Remember Bush’s diplomatic interview with Bob Woodward in which he said, “I loathe Kim Jong Il!” Waving his finger, he added, “I’ve got a visceral reaction to this guy because he is starving his people.” Bush also said he wanted to “topple him” and called him a “pygmy.” How old were you when you learned not to antagonize and infuriate the local crazy bully?

Always a top diplomat. But I warn you, when Bush makes reference of this, as in “my gut tells me,” we are in big trouble. By any measure, North Korea continued to be more dangerous than Iraq.

I don’t see how this mess can be blamed on anyone but Bush, but I notice that a few Republicans have dragged out the shade of Bill Clinton because he tried to deal with North Korea. I would have thought there wasn’t much water left in that bogeyman, but I guess he is the straw man for all seasons among Republicans. Why doesn’t someone on Fox News ask him about it?
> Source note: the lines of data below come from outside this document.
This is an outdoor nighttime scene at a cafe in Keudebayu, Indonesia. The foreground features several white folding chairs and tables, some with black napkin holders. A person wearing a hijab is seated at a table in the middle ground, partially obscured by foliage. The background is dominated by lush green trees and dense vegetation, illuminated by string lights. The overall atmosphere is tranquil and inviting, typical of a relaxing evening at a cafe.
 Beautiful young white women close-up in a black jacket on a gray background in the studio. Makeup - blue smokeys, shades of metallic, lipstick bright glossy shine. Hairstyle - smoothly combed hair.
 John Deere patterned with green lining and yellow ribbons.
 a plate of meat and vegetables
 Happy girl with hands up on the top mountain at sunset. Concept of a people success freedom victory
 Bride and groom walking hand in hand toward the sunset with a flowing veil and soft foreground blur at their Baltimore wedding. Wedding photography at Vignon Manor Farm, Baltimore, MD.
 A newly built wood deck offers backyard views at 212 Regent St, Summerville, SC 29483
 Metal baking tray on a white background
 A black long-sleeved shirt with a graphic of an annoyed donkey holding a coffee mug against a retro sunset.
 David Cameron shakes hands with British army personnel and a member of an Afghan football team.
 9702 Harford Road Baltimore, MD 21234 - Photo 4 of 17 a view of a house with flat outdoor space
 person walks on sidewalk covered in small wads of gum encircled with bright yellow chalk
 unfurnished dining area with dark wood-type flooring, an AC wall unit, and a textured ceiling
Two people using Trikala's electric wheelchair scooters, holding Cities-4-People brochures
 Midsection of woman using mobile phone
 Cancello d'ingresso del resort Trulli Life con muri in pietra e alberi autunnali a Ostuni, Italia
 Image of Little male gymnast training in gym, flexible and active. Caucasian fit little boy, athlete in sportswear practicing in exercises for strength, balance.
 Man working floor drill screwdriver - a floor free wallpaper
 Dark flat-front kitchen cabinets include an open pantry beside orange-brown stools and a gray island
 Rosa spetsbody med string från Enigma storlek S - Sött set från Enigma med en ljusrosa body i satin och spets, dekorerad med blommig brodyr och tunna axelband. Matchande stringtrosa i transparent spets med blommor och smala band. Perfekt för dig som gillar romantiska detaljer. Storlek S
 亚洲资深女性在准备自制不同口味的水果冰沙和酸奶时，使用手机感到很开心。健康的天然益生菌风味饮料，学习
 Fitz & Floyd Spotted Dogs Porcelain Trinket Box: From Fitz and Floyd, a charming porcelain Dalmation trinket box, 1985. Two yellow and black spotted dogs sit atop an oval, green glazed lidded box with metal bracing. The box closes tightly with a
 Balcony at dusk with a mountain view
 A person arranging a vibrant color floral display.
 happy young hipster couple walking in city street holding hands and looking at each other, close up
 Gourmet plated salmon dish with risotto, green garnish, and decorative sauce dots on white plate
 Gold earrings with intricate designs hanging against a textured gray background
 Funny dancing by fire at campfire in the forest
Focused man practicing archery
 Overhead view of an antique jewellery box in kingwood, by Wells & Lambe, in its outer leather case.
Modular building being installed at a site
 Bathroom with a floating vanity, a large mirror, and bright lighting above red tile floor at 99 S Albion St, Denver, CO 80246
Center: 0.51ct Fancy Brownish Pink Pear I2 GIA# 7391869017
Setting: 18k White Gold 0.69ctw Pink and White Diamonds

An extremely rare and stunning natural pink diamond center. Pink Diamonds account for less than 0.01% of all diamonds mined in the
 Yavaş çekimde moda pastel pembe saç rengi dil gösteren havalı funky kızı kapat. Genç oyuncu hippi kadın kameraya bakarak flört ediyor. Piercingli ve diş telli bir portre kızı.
A sage appraiser of characters and situations, that Molly Ivins.
UCLAfan
I agree with you, FT. Bush's initial assessment of North Korea was pretty well off and then he compounded that error by reinforcing it time and again. Thus, here we are today with the threat of nuclear terrorism from a nation that was contained under the Clinton Administration. Forgive me, if I do not see the wisdom (or lack thereof) in the decisions of the Bush Regime.